Rio de Janeiro Travel Guide
Even before the klieg lights shone on it as the next host of the 2016 Olympic Games, Rio de Janeiro has already basked in the limelight. It has long been throbbing with people, pulsating with all forms of revelry, and radiating with religiosity. Tourists have been left mesmerized at Rio de Janeiro’s natural landscapes and geography, and marveling at man’s genius over massive engineering feats as well. The city’s harbor, nominated as one of the world’s Seven Natural Wonders, is the result of the spectacular conglomeration of the Corcovado Peak, the Sugar Loaf Mountain, and the Hills of Tijuca. The iconic Christ Redeemer on top of the Corcovado has served as a gigantic testimony of man’s ability to compete with nature’s grandeur.
Best Time to Visit
Due to its very minor weather variations, Rio de Janeiro is one of the few cities in the world that can be visited at any month of the year. However, it is best to visit on the later part of December to catch the world-famous celebration on Copacabana New Year’s Eve. The climate is warm at this time, which is just perfect for those who want to catch a respite from the severe winter months. The colorful carnival, which happens in February, is also a good enough reason to schedule a travel to Rio on that month.
Being a tropical country, Rio de Janeiro enjoys plenty of both sun and rainfall throughout the year. Summer takes place from late November to early March, when the temperature averages 29 to 30 degrees Celsius. December happens to be the wettest month of the year. Autumn occurs from March to June which is a relatively short interval owing to equatorial uniqueness. Temperature doesn’t really fluctuate a lot. Winter follows from June until August with temperature ranging from 15 to 23 degrees Celsius – still warm when compared to winters in other countries. Spring comes inconspicuously in September until early November. Spring is a wee drier than autumn.
Things to Do
Whether you are staying in Rio de Janeiro for a week or for two, you will never get enough of it because the city is simply teeming with exciting things to do.

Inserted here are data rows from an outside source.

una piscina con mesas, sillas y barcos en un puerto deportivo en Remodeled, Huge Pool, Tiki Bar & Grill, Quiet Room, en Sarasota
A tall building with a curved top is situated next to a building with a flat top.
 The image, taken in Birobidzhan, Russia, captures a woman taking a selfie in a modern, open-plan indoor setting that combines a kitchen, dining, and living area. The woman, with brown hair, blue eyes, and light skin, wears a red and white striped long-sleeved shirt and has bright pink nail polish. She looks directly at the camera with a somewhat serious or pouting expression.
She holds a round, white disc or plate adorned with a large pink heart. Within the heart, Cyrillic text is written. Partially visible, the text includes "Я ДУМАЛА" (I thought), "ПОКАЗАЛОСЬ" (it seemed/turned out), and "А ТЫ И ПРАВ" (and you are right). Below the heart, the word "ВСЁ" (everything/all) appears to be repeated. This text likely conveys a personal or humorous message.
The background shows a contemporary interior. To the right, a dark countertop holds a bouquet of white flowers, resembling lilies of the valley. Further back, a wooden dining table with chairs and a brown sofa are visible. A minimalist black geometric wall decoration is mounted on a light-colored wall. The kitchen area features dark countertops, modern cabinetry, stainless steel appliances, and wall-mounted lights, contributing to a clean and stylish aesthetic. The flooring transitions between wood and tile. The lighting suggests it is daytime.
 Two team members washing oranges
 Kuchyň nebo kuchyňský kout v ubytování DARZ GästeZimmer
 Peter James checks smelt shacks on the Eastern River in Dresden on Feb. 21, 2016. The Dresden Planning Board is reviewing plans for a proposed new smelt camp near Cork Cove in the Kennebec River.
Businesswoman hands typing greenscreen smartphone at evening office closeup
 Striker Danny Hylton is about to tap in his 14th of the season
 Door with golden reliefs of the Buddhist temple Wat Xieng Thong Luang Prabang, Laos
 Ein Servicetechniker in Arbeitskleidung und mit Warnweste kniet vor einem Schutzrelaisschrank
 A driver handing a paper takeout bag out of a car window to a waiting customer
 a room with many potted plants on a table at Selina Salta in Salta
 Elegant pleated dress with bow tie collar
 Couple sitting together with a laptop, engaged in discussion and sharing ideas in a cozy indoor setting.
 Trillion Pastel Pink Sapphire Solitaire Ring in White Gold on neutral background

1) Revel in the exuberant Carnival celebration.
Arrive a week before the Rio Carnival, or the “Carnaval.” Most hotels include balls and parties carrying the theme of the carnival’s glittery costumes and samba inspiration. Escolas de samba (samba schools) open to the public weeks before the carnival for samba lessons and music. On the 4-day celebration, streets will be very crowded with floats, flowers and feathers, local cariocas, escolas de samba competing against each other at the enormous stadium called Sambódromo, and people gathering samba blocks on most streets.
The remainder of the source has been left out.